### ASSIGNED TASK
What is needed is an exact reproduction of the lines in the records below, starting at the line with "Hanes - Boys" and ending at the line with "Lot 120 Australia", both included, and nothing else; pictures stay out.

[RECORDS FOR THE TASK Boundary: Start]

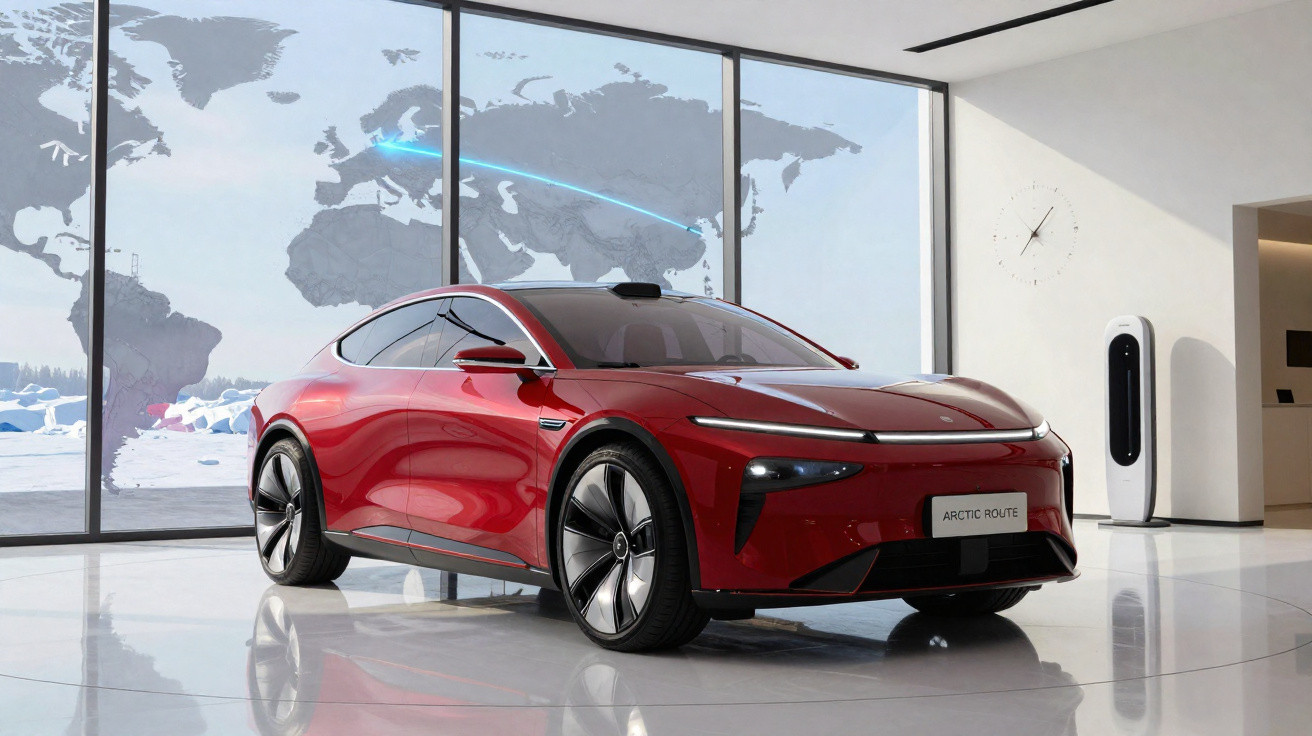 Carro elétrico vermelho em showroom moderno com mapa-múndi e luzes azuis ao fundo.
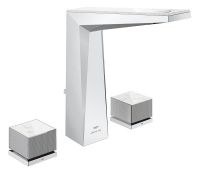 Grohe Allure Brilliant 3-Loch Waschtischarmatur L-Size, mit White Attica Caesarstone Einlagen, chrom 20671000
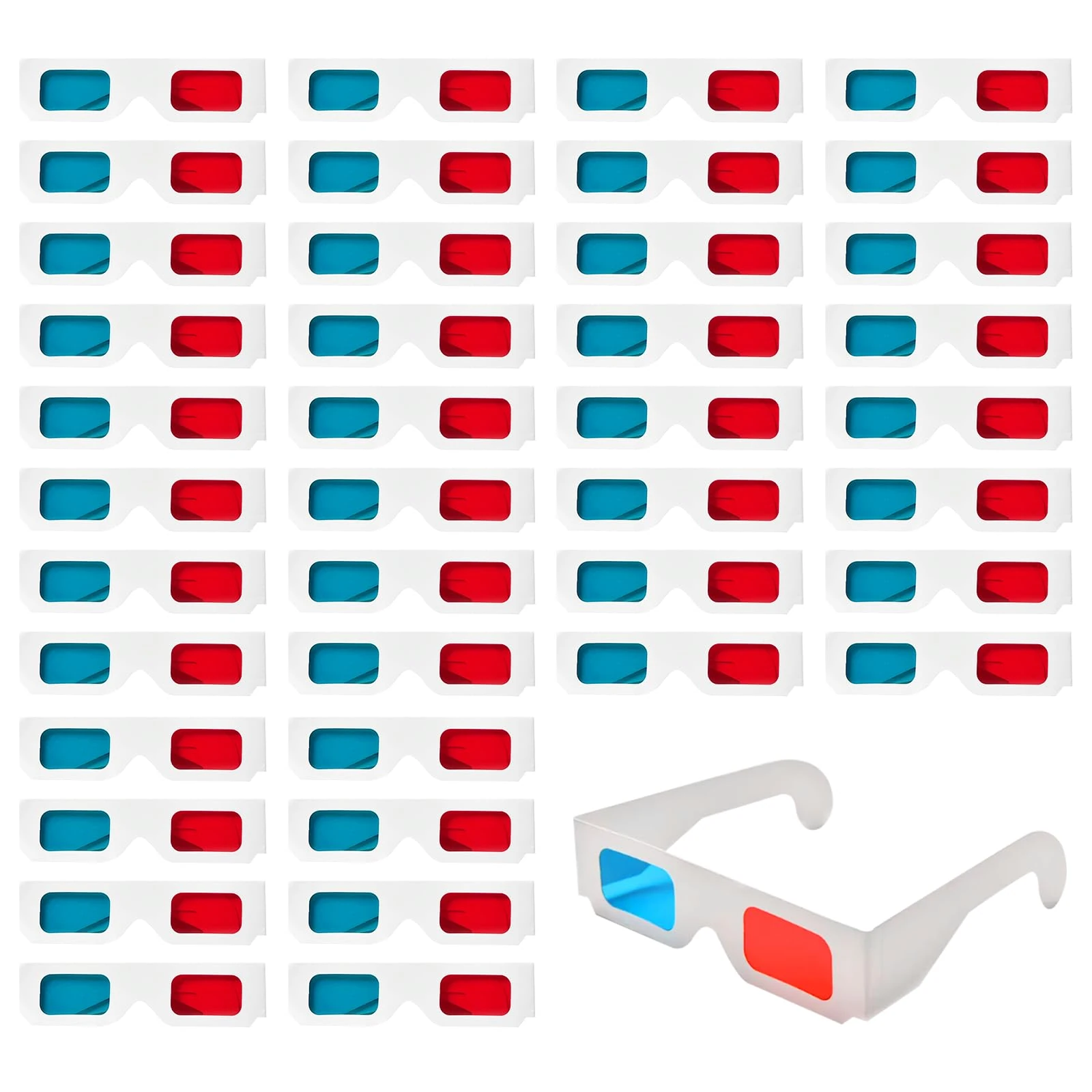 QiXinGYL 40Pcs3D Glasses for Movies, Red/Blue Anaglyph Lenses Paper Cardboard 3D Glasses, Lightweight & Portable 3D Video Glass for TV Virtual Video Games Comic Books Magazines, etc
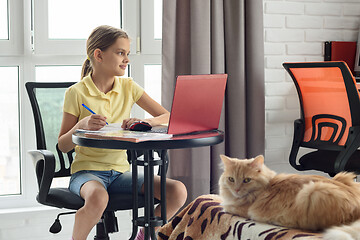 Image showing The girl is studying at home on distance learning, distracted and looked out the window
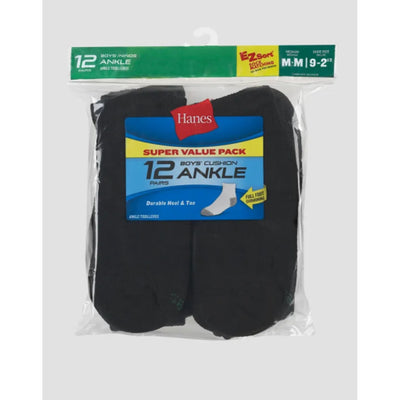 Hanes - Boys Double Tough Boys' Cushion Ankle Socks 12-Pairs
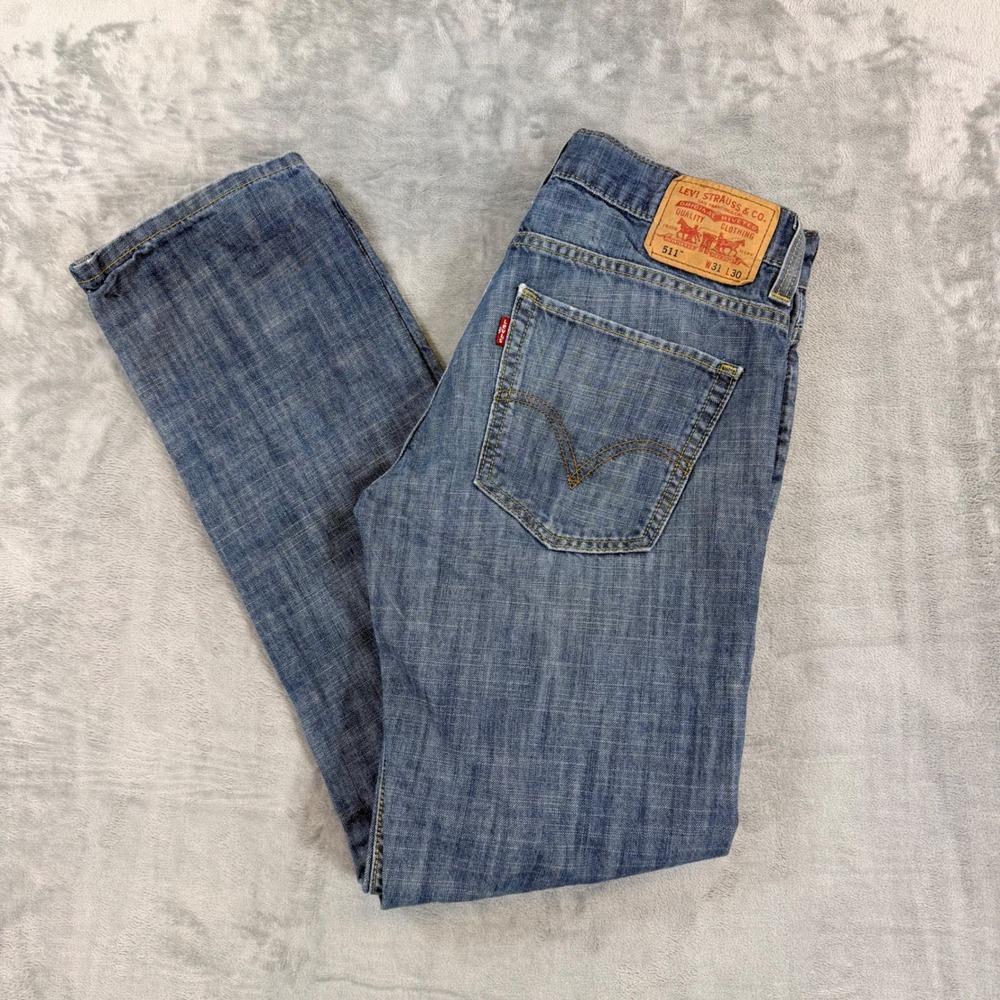 Levi's 511 Skinny Jeans Men's Size 31x30 Blue Med Wash Faded Denim Pants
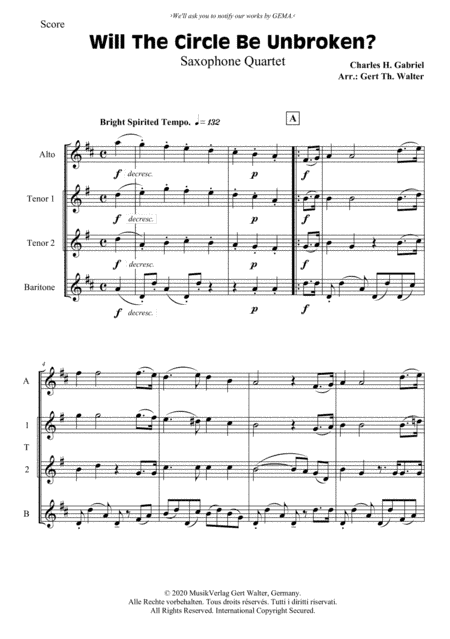 Will The Circle Be Unbroken? (arr. Gert Th. Walter)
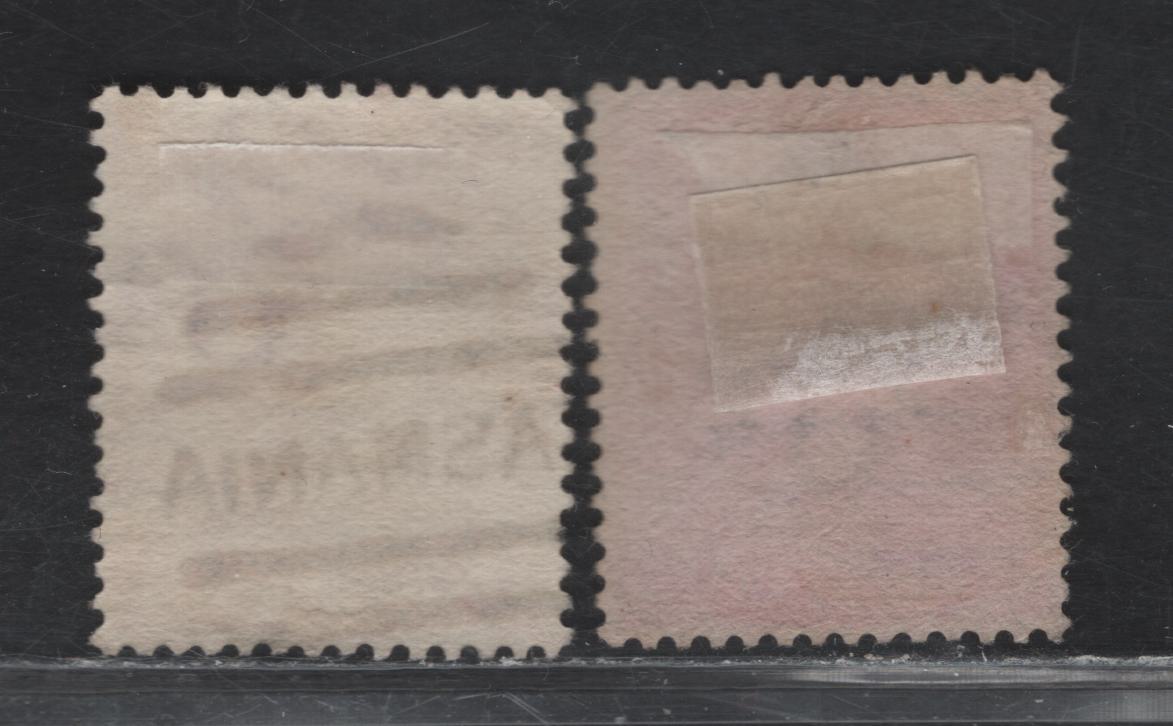 Lot 120 Australia - Tasmania (C) SG#156-a 1d Carmine - Rose Carmine Queen Victoria, 1878 De La Rue Sideface Issue, 2 Very Fine Used Singles, Tasmania Bootheel Duplex Cancels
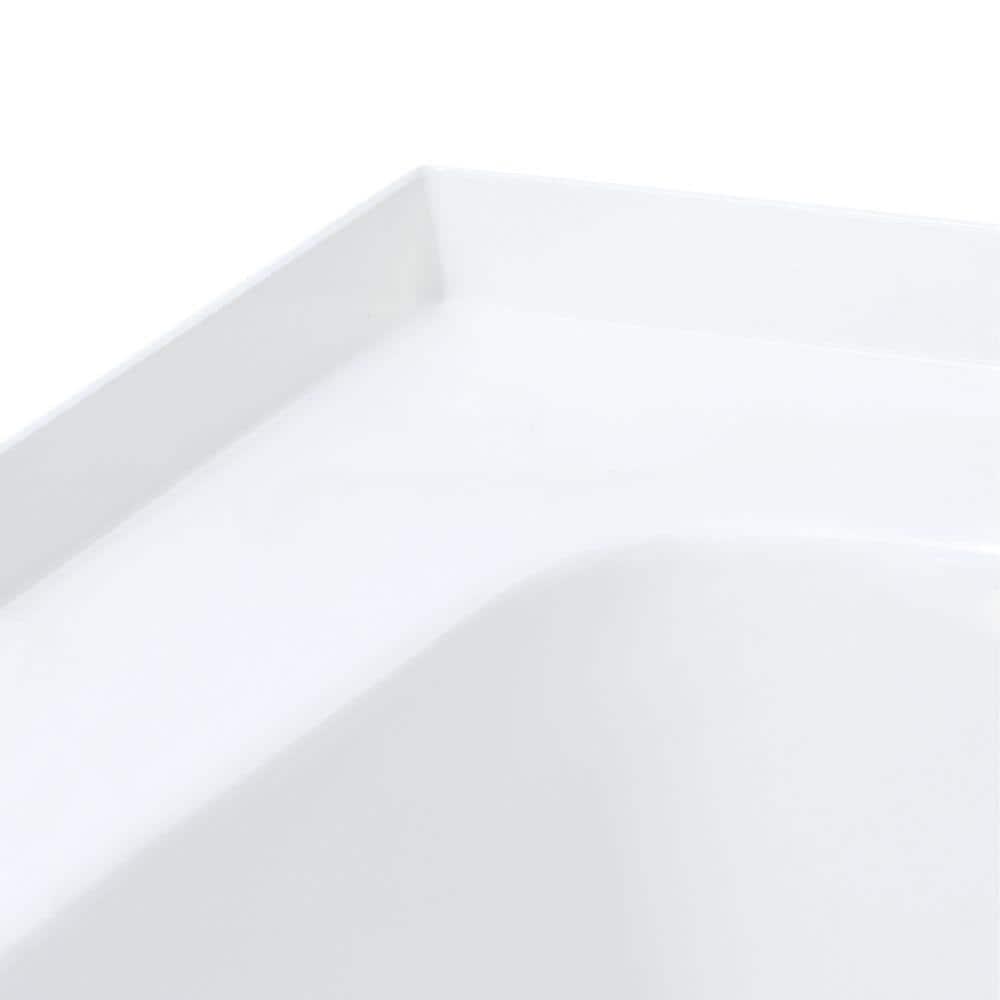 Aquatic Composite 60 in Right Drain Rectangular Alcove Soaking Bathtub in White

[RECORDS FOR THE TASK Boundary: End]

### YOUR SOLUTION
 Hanes - Boys Double Tough Boys' Cushion Ankle Socks 12-Pairs
 Levi's 511 Skinny Jeans Men's Size 31x30 Blue Med Wash Faded Denim Pants
 Will The Circle Be Unbroken? (arr. Gert Th. Walter)
 Lot 120 Australia - Tasmania (C) SG#156-a 1d Carmine - Rose Carmine Queen Victoria, 1878 De La Rue Sideface Issue, 2 Very Fine Used Singles, Tasmania Bootheel Duplex Cancels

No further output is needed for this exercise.